*** The data Section Begins ***

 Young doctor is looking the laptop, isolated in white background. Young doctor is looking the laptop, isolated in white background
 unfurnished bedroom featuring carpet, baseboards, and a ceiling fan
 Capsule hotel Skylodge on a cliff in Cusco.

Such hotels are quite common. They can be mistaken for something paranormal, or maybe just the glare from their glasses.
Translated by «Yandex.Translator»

*** The data Section Ends ***
*** The data Section Begins ***

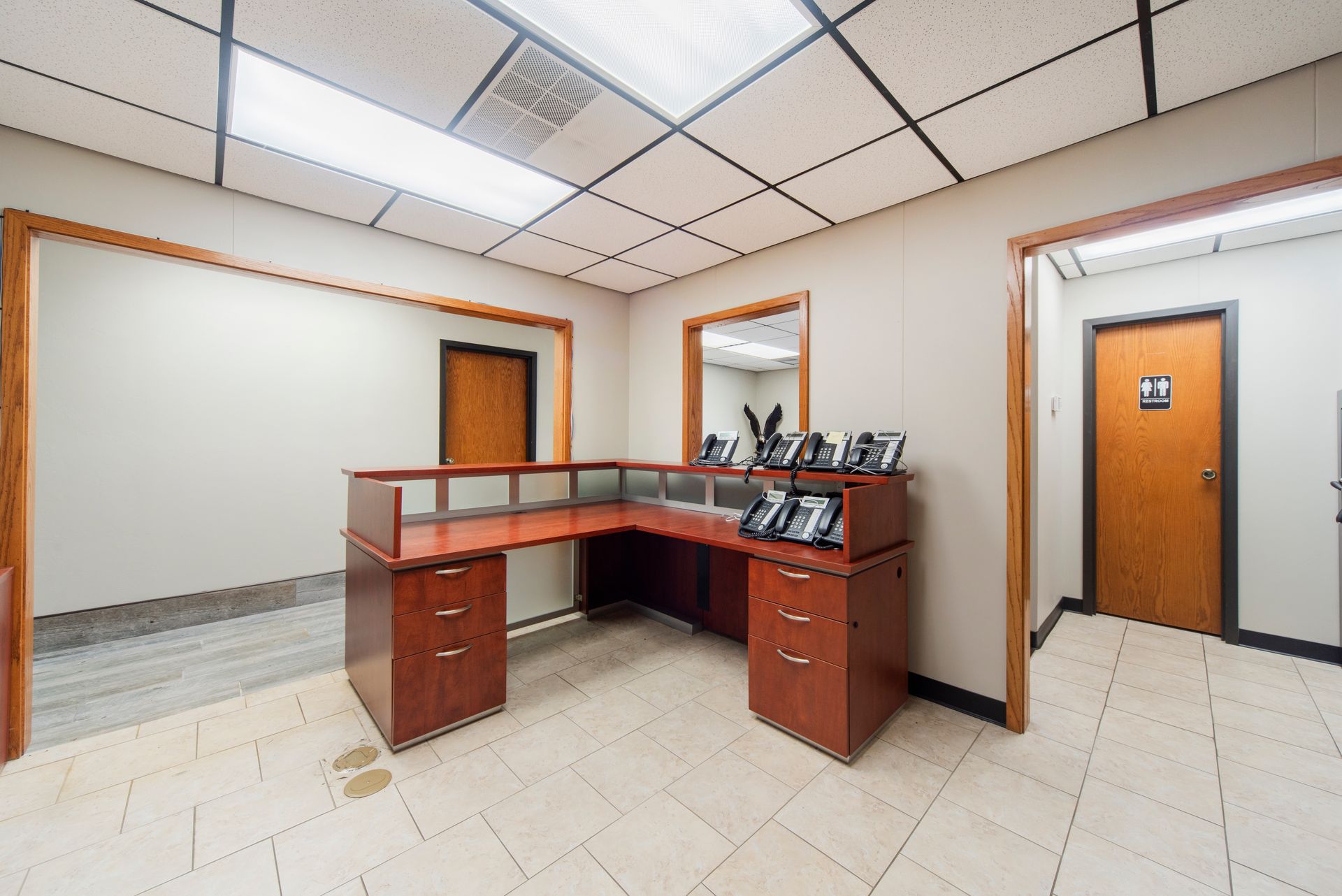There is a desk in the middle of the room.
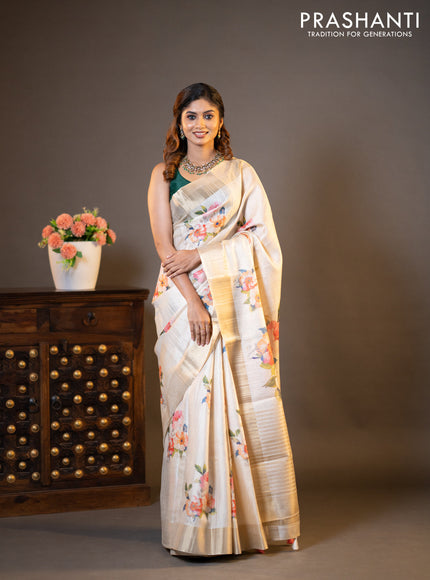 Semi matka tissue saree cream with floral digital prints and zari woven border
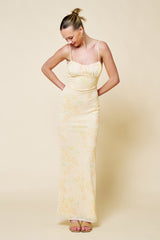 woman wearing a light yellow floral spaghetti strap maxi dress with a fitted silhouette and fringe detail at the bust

*** The data Section Ends ***
*** The data Section Begins ***

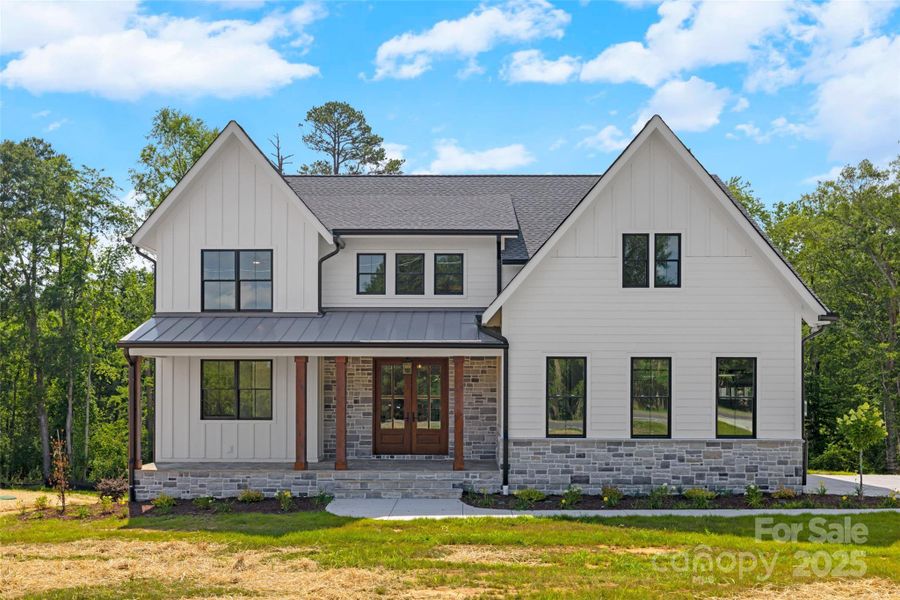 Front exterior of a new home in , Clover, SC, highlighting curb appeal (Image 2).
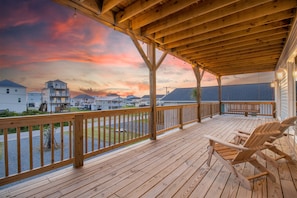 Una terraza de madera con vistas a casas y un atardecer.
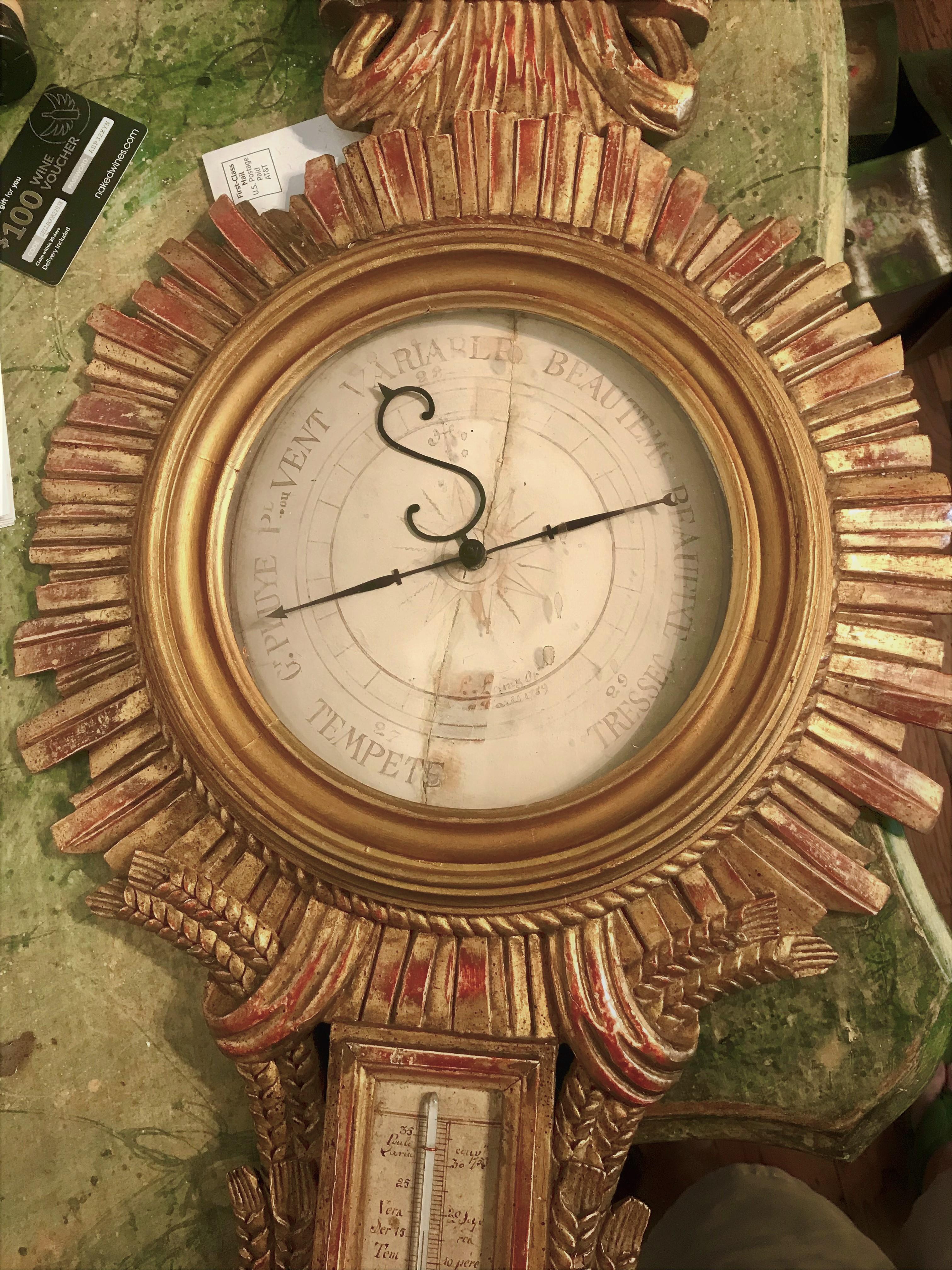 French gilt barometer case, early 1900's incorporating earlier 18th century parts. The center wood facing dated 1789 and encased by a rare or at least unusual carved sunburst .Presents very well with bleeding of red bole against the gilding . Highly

*** The data Section Ends ***

From the records above, copy out the line with "in white background.", the line with "Such hotels are", and every line between them, word for word.

#### [The completed task]
 Young doctor is looking the laptop, isolated in white background. Young doctor is looking the laptop, isolated in white background
 unfurnished bedroom featuring carpet, baseboards, and a ceiling fan
 Capsule hotel Skylodge on a cliff in Cusco.

Such hotels are quite common. They can be mistaken for something paranormal, or maybe just the glare from their glasses.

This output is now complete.